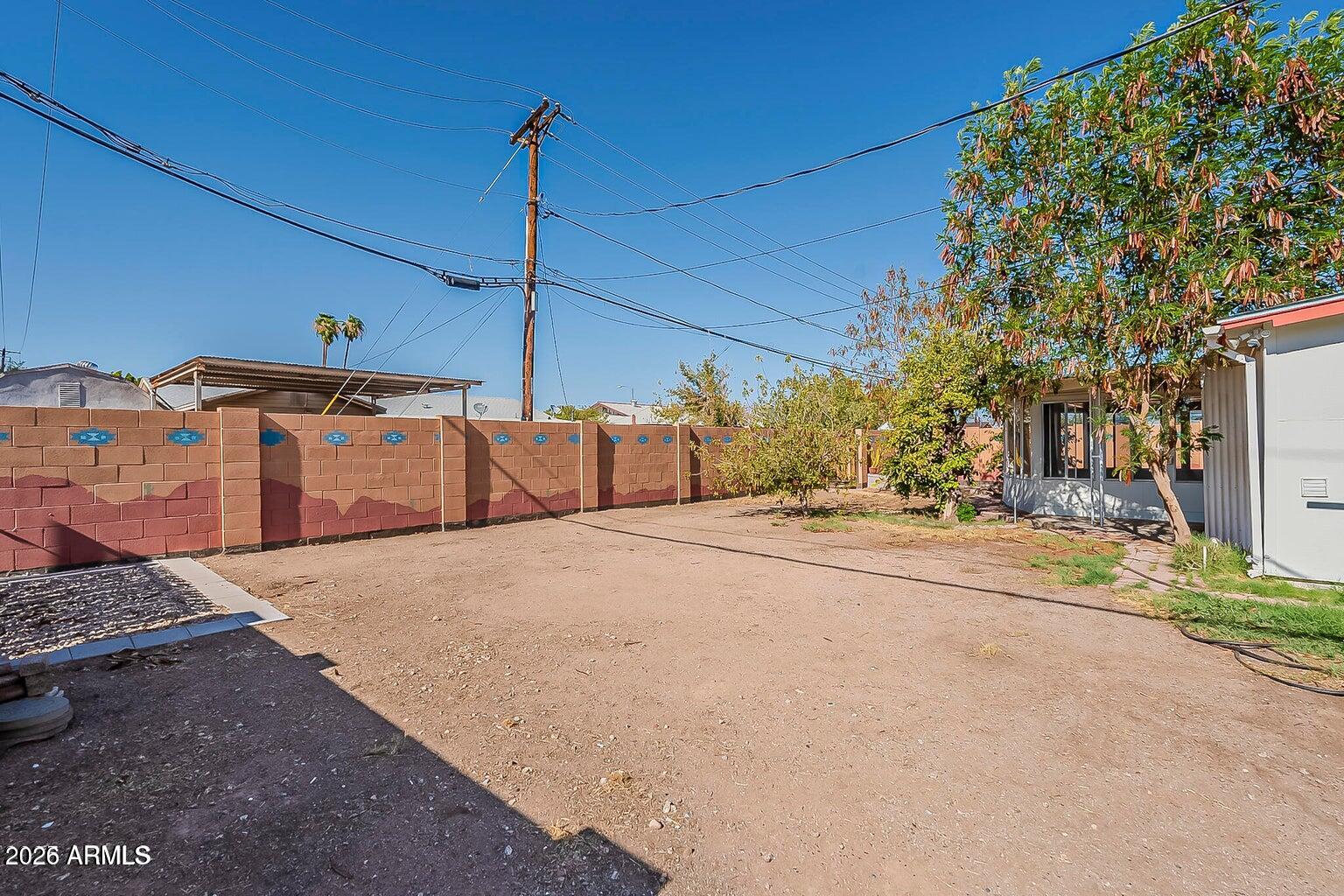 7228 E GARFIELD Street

* * *

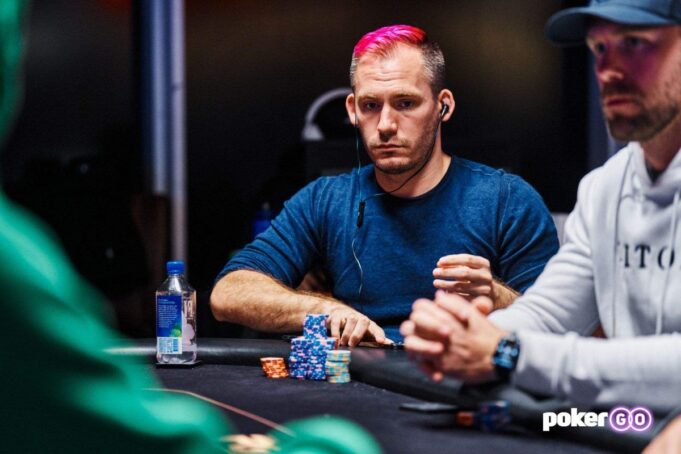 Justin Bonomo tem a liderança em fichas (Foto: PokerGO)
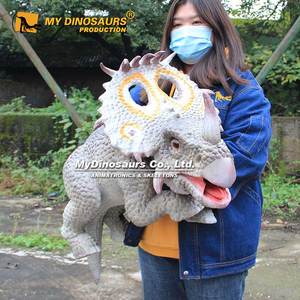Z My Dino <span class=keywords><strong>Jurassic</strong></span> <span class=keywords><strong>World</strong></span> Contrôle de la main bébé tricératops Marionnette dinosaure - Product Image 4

Problem description >>
Start with the line above containing "Justin Bonomo tem" and end with the line containing "Z My Dino <span". Set down that stretch exactly, without any pictures.

Result >>
 Justin Bonomo tem a liderança em fichas (Foto: PokerGO)
Z My Dino <span class=keywords><strong>Jurassic</strong></span> <span class=keywords><strong>World</strong></span> Contrôle de la main bébé tricératops Marionnette dinosaure - Product Image 4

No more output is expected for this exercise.